United States District Court, N.D. Mississippi, Greenville Division
Feb 2, 2024
4:22-CV-79-DMB-DAS (N.D. Miss. Feb. 2, 2024)

Opinion

4:22-CV-79-DMB-DAS

02-02-2024

ROBERT WILLIAMS PLAINTIFF v. ALLSTATE INDEMNITY COMPANY DEFENDANT


ORDER

DEBRA M. BROWN UNITED STATES DISTRICT JUDGE

Robert Williams sued Allstate Indemnity Company after Allstate denied his insurance claim for fire damage to his rental property. Allstate moves for summary judgment on Williams' remaining claims for breach of contract and bath faith. Because Williams has not shown his rental property was occupied ninety days prior to the fire, summary judgment will be granted.

I

Procedural History

On March 7, 2022, Robert Williams filed a complaint in the Circuit Court of Leflore County, Mississippi, against Allstate Indemnity Company, alleging claims for breach of contract, bad faith breach of contract, and negligent infliction of emotional distress following Allstate's denial of his fire damage claim. Doc. #2 at PageID 19, 24-26. Asserting diversity jurisdiction, Allstate removed the case to the United States District Court for the Northern District of Mississippi on May 26, 2022. Doc. #1.

Williams “prays for ... tortious economic and non-economic damages, past, present and future emotional and physical pain and suffering, past, present and future medical bills, contractual and extra-contractual damages, Veasley damages, punitive or exemplary damages, and/or other economic losses ... together with pre-judgment and post-judgment interest, with all attorneys' fees and costs ..” Doc. #2 at PageID 26.

One week later, Allstate moved to dismiss the bad faith and negligent infliction of emotional distress claims. Doc. #3. On November 28, 2022, the Court granted the motion to the extent it sought dismissal of the negligent infliction of emotional distress claim and permitted Williams fourteen days to seek leave to amend his complaint. Doc. #16 at 8. When Williams did not seek leave to amend, the Court dismissed with prejudice his negligent infliction of emotional distress claim. Doc. #19.

On October 11, 2023, Allstate filed a motion for summary judgment or, alternatively, partial summary judgment. Doc. #48. The motion is fully briefed. Docs. #49, #55, #62.
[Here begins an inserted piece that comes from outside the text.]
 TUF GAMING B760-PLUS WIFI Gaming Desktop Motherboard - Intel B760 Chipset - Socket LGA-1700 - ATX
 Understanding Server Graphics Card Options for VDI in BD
Both parties requested and received two extensions. Docs. #53, #56, #58, #60.

In violation of Local Rule 7(b)(5), Williams did not separately file a response and memorandum brief-he filed one document consisting of both. Doc. #55.

II

Standard

A court may enter summary judgment if “there is no genuine dispute as to any material fact and the movant is entitled to judgment as a matter of law.” Fed.R.Civ.P. 56(a). “An issue is genuine if the evidence is such that a reasonable factfinder could return a verdict for the nonmoving party.” Jones v. United States, 936 F.3d 318, 321 (5th Cir. 2019) (cleaned up).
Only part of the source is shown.